What follows is an automated global method for isolating an area of low color saturation (e.g. a b/w page) against a colored background. This may work well as an alternative approach when other approaches based on adaptive thresholding of grayscale-converted images fail.
First, we load an RGB image I
, covert from RGB to HSV, and isolate the saturation channel:
I = imread('/path/to/image.jpg');
Ihsv = rgb2hsv(I); % convert image to HSV
Isat = Ihsv(:,:,2); % keep only saturation channel
In general, a good first step when deciding how to proceed with any object detection task is to examine the distribution of pixel values. In this case, these values represent the color saturation levels at each point in our image:
% Visualize saturation value distribution
imhist(Isat); box off

From this histogram, we can see that there appear to be at least 3 distinct peaks. Given that our target is a black and white sheet of paper, we’re looking to isolate saturation values at the lower end of the spectrum. This means we want to find a threshold that separates the lower 1-2 peaks from the higher values.
One way to do this in an automated way is through Gaussian Mixture Modeling (GMM). GMM can be slow, but since you’re processing images offline I assume this is not an issue.
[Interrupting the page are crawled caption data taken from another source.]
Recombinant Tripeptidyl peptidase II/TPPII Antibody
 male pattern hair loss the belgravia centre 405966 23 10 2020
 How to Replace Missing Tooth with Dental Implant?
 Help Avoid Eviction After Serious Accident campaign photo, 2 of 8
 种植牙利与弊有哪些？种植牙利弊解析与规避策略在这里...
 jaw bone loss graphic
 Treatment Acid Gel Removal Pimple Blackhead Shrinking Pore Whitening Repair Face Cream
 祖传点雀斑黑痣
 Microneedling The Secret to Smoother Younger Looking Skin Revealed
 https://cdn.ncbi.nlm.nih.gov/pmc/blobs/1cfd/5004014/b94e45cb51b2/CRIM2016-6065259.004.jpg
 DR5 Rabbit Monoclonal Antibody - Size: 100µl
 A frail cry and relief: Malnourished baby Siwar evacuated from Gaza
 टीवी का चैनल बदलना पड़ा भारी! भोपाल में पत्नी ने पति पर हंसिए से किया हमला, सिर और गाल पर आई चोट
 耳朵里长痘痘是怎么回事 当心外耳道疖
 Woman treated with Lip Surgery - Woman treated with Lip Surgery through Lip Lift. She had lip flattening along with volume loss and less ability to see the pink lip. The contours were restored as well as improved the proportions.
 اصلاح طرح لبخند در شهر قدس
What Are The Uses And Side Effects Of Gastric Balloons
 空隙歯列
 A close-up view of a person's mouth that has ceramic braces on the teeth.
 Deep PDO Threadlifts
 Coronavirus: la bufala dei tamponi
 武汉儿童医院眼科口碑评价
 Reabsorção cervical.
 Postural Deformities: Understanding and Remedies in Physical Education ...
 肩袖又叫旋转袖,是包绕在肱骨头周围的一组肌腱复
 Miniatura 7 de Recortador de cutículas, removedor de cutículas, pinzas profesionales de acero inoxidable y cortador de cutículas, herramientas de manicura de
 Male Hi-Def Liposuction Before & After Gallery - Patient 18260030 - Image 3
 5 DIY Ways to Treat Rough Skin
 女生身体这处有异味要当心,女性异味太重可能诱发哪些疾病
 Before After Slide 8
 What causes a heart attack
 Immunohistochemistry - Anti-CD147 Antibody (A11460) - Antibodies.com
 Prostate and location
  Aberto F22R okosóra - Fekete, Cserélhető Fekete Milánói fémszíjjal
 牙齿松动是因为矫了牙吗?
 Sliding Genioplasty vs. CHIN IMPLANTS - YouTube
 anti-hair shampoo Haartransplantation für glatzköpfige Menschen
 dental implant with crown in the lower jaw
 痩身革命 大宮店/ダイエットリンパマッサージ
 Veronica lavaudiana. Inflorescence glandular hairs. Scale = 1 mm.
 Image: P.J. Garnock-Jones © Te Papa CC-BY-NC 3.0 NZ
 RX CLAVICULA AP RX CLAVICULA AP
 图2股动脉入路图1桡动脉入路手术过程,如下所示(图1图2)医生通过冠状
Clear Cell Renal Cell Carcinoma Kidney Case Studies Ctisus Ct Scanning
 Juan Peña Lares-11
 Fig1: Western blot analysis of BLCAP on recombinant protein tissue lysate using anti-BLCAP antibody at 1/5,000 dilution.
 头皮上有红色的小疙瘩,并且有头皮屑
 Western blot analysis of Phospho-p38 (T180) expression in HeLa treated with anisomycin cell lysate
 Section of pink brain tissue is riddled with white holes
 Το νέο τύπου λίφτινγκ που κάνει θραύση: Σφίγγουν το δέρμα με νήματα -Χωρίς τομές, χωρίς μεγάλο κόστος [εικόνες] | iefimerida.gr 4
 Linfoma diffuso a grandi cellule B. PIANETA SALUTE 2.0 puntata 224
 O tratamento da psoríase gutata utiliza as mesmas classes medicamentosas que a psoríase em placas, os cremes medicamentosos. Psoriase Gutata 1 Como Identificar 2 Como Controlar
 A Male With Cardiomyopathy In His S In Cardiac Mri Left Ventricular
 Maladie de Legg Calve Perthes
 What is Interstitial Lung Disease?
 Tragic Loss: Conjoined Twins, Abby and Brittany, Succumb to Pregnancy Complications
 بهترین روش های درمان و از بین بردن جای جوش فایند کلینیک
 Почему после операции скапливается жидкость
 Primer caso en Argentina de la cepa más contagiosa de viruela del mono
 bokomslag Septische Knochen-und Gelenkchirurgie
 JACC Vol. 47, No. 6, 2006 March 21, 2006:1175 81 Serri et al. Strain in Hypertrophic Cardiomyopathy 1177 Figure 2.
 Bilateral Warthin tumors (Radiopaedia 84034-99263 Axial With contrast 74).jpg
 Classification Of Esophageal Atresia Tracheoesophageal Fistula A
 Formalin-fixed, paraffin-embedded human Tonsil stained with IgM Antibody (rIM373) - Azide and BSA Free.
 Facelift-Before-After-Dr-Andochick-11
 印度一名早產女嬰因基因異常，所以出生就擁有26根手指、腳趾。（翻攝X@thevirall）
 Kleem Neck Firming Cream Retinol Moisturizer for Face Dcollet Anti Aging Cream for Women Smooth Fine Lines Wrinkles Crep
We’ll use Matlab’s fitgmdist
function here and attempt to fit 3 Gaussians to the saturation image:
% Find threshold for calling ROI using GMM
n_gauss = 3; % number of Gaussians to fit
gmm_opt = statset('MaxIter', 1e3); % max iterations to converge
gmmf = fitgmdist(Isat(:), n_gauss, 'Options', gmm_opt);
Next, we use the GMM fit to classify each pixel and visualize the results of our GMM classification:
% Classify pixels using GMM
gmm_class = cluster(gmmf, Isat(:));
% Plot histogram, colored by class
hold on
bin_edges = linspace(0,1,256);
for j=1:n_gauss, histogram(Isat(gmm_class==j), bin_edges); end

In this example, we can see that the GMM ended up grouping the 2 far left peaks together (blue class) and split the higher values into two classes (yellow and red). Note: your colors might be different, since GMM is sensitive to random initial conditions. For our use here, this is probably fine, but we can check that the blue class does in fact capture the object we’d like to isolate by visualizing the image, with pixels colored by class:
% Visualize classes as image
im_class = reshape(gmm_class ,size(Isat));
imagesc(im_class); axis image off

So it seems like our GMM segmentation on saturation values gets us in the right ballpark - grouping the document pixels (blue) together. But notice that we still have two problems to fix. First, the big bar across the bottom is also included in the same class with the document. Second, the text printed on the page is not being included in the document class. But don't worry, we can fix these problems by applying some filters on the GMM-grouped image.
First, we’ll isolate the class we want, then do some morphological operations to low-pass filter and fill gaps in the objects.
Isat_bw = im_class == find(gmmf.mu == min(gmmf.mu)); %isolate desired class
opened = imopen(Isat_bw, strel('disk',3)); % morph open
closed = imclose(Isat_bw, strel('disk',50)); % morph close
imshow(closed)

Next, we’ll use a size filter to isolate the document ROI from the big object at the bottom. I’ll assume that your document will never fill the entire width of the image and that any solid objects bigger than the sheet of paper are not wanted. We can use the regionprops
function to give us statistics about the objects we detect and, in this case, we’ll just return the objects’ major axis length and corresponding pixels:
% Size filtering
props = regionprops(closed,'PixelIdxList','MajorAxisLength');
[~,ridx] = min([props.MajorAxisLength]);
output_im = zeros(numel(closed),1);
output_im(props(ridx).PixelIdxList) = 1;
output_im = reshape(output_im, size(closed));
% Display final mask
imshow(output_im)

Finally, we are left with output_im
- a binary mask for a single solid object corresponding to the document. If this particular size filtering rule doesn’t work well on your other images, it should be possible to find a set of values for other features reported by regionprops
(e.g. total area, minor axis length, etc.) that give reliable results.
A side-by-side comparison of the original and the final masked image shows that this approach produces pretty good results for your sample image, but some of the parameters (like the size exclusion rules) may need to be tuned if results for other images aren't quite as nice.
% Display final image
image([I I.*uint8(output_im)]); axis image; axis off

One final note: be aware that the GMM algorithm is sensitive to random initial conditions, and therefore might randomly fail, or produce undesirable results. Because of this, it's important to have some kind of quality control measures in place to ensure that these random failures are detected. One possibility is to use the posterior probabilities of the GMM model to form some kind of criteria for rejecting a certain fit, but that’s beyond the scope of this answer.